Lines from the one containing "banner of Traditional" through the end of the data are to be returned exactly, and no others.

++++++++

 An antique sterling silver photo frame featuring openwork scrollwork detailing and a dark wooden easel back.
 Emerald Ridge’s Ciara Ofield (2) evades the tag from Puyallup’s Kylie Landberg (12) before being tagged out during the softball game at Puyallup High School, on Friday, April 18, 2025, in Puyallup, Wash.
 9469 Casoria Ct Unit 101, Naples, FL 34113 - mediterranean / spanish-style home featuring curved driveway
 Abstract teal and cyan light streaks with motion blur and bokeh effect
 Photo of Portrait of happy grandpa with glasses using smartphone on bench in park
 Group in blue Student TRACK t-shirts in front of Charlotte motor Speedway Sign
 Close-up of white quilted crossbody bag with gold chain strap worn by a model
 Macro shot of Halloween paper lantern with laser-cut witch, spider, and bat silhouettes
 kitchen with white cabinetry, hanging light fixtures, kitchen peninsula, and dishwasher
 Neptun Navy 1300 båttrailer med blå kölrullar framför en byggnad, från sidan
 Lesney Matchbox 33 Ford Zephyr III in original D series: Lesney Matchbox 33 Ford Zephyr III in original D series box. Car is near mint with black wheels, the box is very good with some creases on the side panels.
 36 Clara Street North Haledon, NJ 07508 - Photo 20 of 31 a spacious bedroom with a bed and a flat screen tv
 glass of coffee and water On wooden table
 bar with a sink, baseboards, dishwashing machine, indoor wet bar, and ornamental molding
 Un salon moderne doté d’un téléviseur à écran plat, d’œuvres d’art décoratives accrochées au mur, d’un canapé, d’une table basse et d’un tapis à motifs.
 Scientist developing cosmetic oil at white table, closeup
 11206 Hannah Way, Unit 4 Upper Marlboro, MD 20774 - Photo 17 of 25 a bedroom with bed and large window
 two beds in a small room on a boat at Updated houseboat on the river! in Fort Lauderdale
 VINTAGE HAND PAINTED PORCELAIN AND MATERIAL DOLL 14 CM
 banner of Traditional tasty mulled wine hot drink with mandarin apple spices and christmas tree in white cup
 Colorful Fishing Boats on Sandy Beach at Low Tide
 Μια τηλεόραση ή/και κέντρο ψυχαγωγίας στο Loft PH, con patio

++++++++

EXPECTED OUTPUT:
 banner of Traditional tasty mulled wine hot drink with mandarin apple spices and christmas tree in white cup
 Colorful Fishing Boats on Sandy Beach at Low Tide
 Μια τηλεόραση ή/και κέντρο ψυχαγωγίας στο Loft PH, con patio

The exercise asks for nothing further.